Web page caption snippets
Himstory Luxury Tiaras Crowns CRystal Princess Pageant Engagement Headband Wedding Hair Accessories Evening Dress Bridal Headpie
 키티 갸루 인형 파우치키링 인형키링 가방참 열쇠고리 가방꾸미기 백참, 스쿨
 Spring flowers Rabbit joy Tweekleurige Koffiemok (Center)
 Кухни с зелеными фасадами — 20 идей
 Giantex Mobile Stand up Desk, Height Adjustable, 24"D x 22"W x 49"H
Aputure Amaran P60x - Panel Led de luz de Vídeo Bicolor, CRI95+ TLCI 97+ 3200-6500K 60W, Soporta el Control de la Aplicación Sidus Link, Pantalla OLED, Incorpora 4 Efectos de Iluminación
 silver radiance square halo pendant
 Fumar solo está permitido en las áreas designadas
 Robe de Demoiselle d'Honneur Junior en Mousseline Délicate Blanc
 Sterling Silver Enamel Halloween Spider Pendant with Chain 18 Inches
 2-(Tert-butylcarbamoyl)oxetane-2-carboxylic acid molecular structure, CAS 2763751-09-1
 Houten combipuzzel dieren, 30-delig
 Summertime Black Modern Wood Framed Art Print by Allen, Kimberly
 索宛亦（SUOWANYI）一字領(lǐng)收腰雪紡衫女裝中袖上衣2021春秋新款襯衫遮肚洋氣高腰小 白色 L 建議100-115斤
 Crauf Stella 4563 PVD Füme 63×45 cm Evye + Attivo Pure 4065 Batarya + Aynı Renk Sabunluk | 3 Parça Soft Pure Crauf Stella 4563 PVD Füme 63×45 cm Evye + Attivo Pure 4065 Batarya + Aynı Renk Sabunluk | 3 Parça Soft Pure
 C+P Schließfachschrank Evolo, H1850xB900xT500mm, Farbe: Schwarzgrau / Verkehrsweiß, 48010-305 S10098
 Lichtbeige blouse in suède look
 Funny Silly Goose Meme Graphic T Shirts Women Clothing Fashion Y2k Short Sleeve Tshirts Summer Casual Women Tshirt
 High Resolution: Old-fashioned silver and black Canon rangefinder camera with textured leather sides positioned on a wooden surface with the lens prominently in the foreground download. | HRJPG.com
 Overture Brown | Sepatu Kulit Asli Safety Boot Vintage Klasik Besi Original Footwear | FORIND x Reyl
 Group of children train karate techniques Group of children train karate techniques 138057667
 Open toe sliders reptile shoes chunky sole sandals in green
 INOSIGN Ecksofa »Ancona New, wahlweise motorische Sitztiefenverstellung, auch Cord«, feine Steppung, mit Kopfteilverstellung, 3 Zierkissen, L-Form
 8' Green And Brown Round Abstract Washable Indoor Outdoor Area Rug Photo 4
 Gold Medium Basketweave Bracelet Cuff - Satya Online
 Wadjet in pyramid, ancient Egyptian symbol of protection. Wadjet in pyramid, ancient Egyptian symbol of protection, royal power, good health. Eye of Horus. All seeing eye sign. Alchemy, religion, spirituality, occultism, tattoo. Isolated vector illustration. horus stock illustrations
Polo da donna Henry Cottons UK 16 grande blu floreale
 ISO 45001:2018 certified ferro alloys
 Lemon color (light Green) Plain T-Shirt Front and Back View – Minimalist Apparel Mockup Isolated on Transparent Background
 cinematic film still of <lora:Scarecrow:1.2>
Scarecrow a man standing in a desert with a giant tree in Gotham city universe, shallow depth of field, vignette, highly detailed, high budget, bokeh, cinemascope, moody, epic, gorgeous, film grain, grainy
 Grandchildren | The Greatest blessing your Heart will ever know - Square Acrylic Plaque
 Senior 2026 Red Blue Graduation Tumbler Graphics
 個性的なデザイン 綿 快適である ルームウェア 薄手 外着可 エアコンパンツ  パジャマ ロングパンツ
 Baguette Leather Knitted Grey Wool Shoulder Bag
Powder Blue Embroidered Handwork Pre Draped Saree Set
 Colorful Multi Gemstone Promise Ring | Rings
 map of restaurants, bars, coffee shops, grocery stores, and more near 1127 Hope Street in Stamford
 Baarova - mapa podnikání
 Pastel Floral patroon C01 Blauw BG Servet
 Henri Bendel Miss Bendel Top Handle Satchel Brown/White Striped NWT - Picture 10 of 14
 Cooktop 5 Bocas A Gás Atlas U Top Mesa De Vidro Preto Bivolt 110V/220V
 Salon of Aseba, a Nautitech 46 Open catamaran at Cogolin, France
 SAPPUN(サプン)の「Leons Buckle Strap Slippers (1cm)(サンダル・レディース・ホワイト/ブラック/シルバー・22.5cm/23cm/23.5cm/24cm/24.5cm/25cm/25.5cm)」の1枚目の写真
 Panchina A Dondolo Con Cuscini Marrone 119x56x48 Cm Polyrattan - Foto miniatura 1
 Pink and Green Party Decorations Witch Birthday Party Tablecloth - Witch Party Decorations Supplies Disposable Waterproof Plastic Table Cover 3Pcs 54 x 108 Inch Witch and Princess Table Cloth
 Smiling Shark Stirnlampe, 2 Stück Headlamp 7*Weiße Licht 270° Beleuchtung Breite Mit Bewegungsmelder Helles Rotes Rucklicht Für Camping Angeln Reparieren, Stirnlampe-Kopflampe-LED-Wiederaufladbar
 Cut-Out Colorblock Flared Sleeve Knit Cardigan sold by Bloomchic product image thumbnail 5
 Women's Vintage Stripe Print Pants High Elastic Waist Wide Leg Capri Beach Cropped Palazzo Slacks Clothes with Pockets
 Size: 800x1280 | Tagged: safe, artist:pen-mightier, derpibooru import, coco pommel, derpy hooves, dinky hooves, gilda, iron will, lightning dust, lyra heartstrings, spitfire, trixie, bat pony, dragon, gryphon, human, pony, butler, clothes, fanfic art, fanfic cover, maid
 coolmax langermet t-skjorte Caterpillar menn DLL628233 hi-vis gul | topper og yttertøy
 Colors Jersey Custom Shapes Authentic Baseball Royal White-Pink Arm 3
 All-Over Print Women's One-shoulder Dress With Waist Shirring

▶ About this task:
Scan the records above for the lines holding "Pink and Green" and "Smiling Shark Stirnlampe, 2". Transcribe those two and every line between them word for word, and no others.

▶ Solution for this task:
 Pink and Green Party Decorations Witch Birthday Party Tablecloth - Witch Party Decorations Supplies Disposable Waterproof Plastic Table Cover 3Pcs 54 x 108 Inch Witch and Princess Table Cloth
 Smiling Shark Stirnlampe, 2 Stück Headlamp 7*Weiße Licht 270° Beleuchtung Breite Mit Bewegungsmelder Helles Rotes Rucklicht Für Camping Angeln Reparieren, Stirnlampe-Kopflampe-LED-Wiederaufladbar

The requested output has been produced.